School Spirit, noooo!!!! The concept alone makes me wanna vomit, much less naming
a movie after such a heresy. Alas, the title is a charming play on words, as a young man who is killed in a car wreck en route to his first lay returns from the dead to.. to what?? Get some, I guess? Okay, he's a ghost. Sure, that's fine, we've seen it before and we'll see it again, it's an accepted film staple. But, a ghost that can make himself visible at will???!! NO!!! That's wrong! That's completely wrong, that defies the very principle of being a ghost! When you are a ghost, people can't see you! They can't touch you (unless you bond with them on some very emotional level like in that crap movie Ghost), they can't smell you, you are a GHOST! And you stay that way! You can't just snap your fingers
(or, in this case, wiggle your fingers on your head like Curly used to do on The Three Stooges) and become a living, sentient being again.
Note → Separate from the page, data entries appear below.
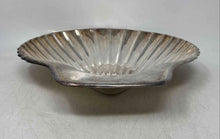 Load image into Gallery viewer, Reed & Barton Silver-Tone Polished Clam Shell Shaped Decorative Serving Tray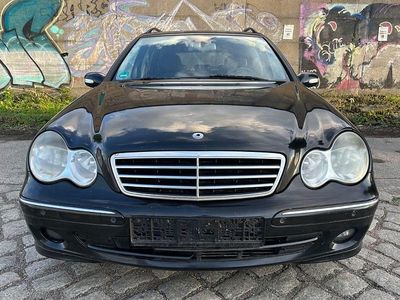 Gebraucht Mercedes C200 122 PS (89 kW) 2006 Schwarz Kombi
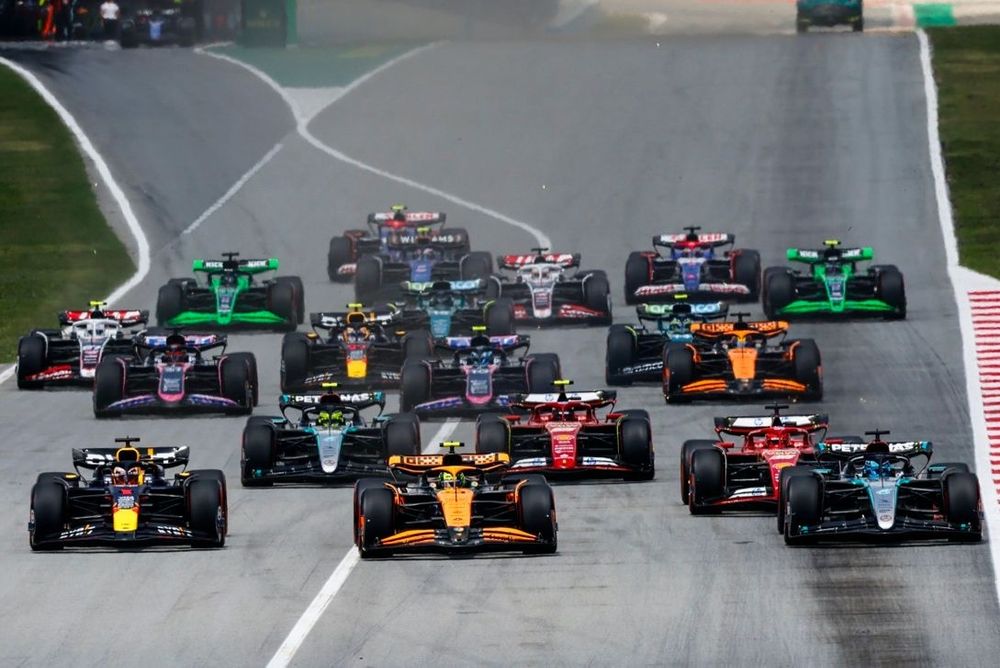 Lando Norris, McLaren MCL38, George Russell, Mercedes F1 W15, Max Verstappen, Red Bull Racing RB20, Charles Leclerc, Ferrari SF-24, Carlos Sainz, Ferrari SF-24, Lewis Hamilton, Mercedes F1 W15, the rest of the field at the start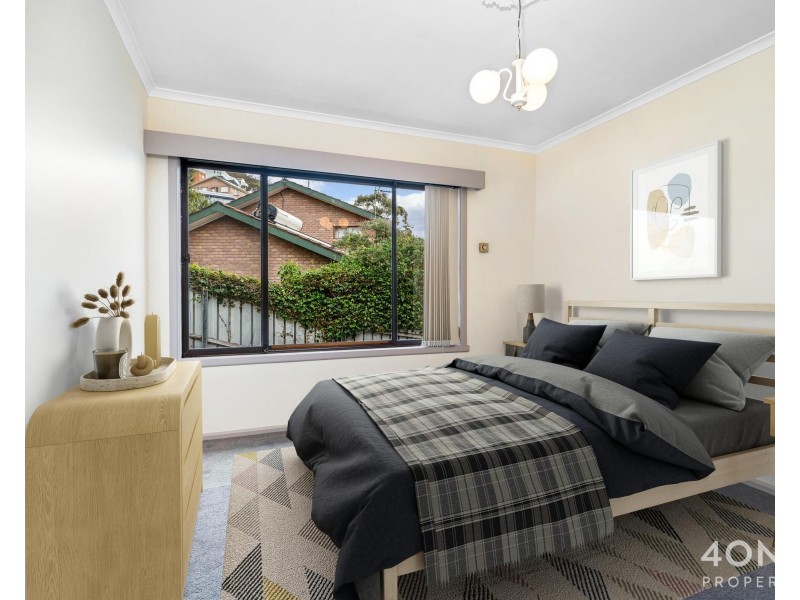 33 Amanda Crescent, Sandy Bay TAS 7005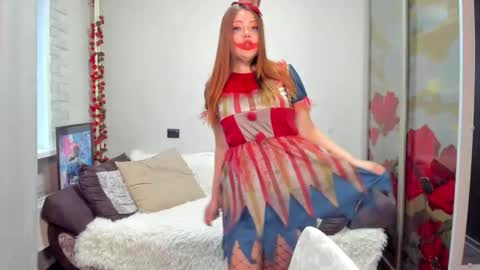 Snapshot of eva_redford chatting on October 31, 1:28 am Eva online show from October 31, 1:28 am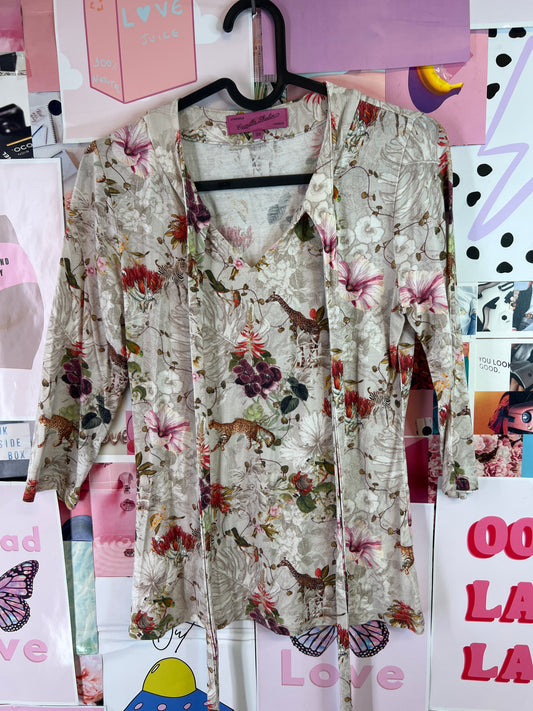 Camilla Thulin floral top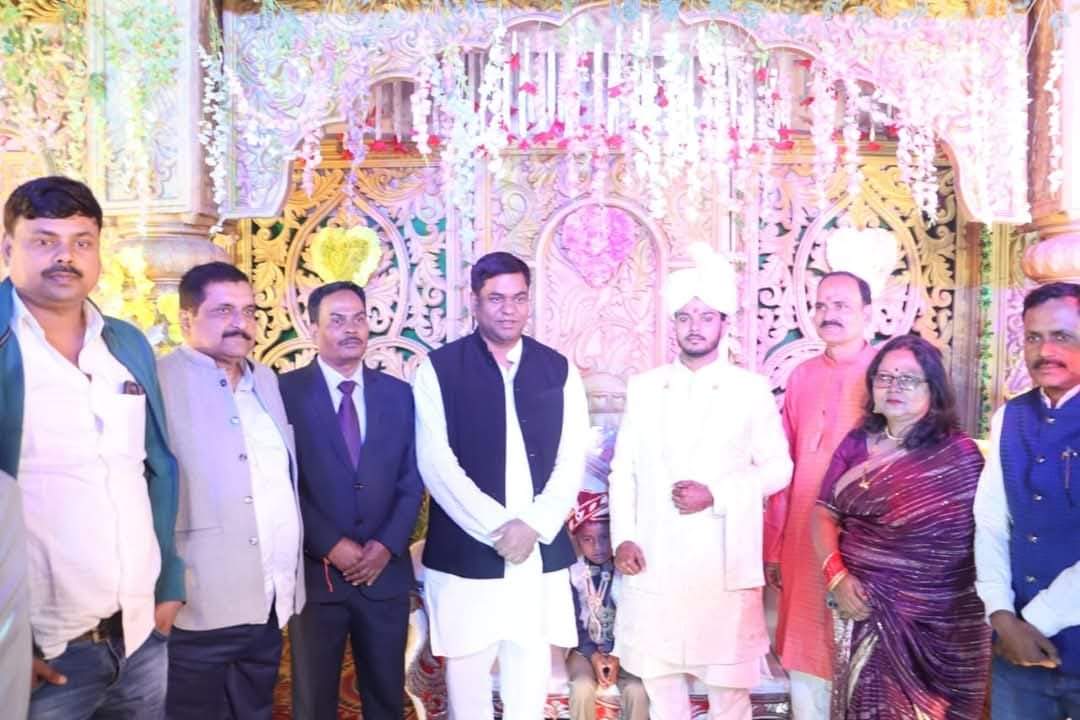vippartyindia's tweet photo. मोतिहारी के मुसवा में पूर्व मंत्री व वीआईपी सुप्रीमो सन ऑफ मल्लाह श्री मुकेश सहनी जी ने श्री प्रभु चौधरी के पुत्री की शादी समारोह में शामिल होकर नव दम्पत्ति को सुखद व मंगलमय वैवाहिक जीवन की आशीर्वाद दी।
@sonofmallah https://t.co/dFFhZSJVi5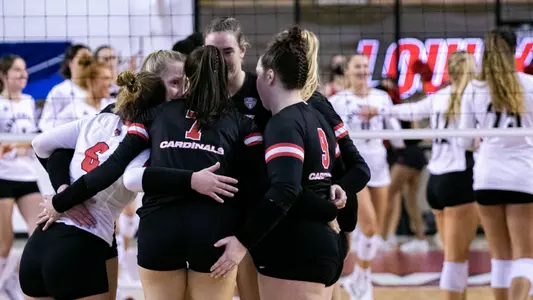 WVB Team vs. Louisville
That defies even basic religious precepts! Add to that the ridiculous notion that God would allow you a second chance on Earth just to "tap it".. jeez, this was rotten. Found it in the "mature" section, though suitable for 12 year olds. Minimal t&a but mass quantities of 80's frizzskank and terrible cliches. Also features poor old David Ogden Stiers as the dean.. From those goofy Armitraj brothers, who brought us Nine Deaths of The Ninja and innumerable other no-budget flicks.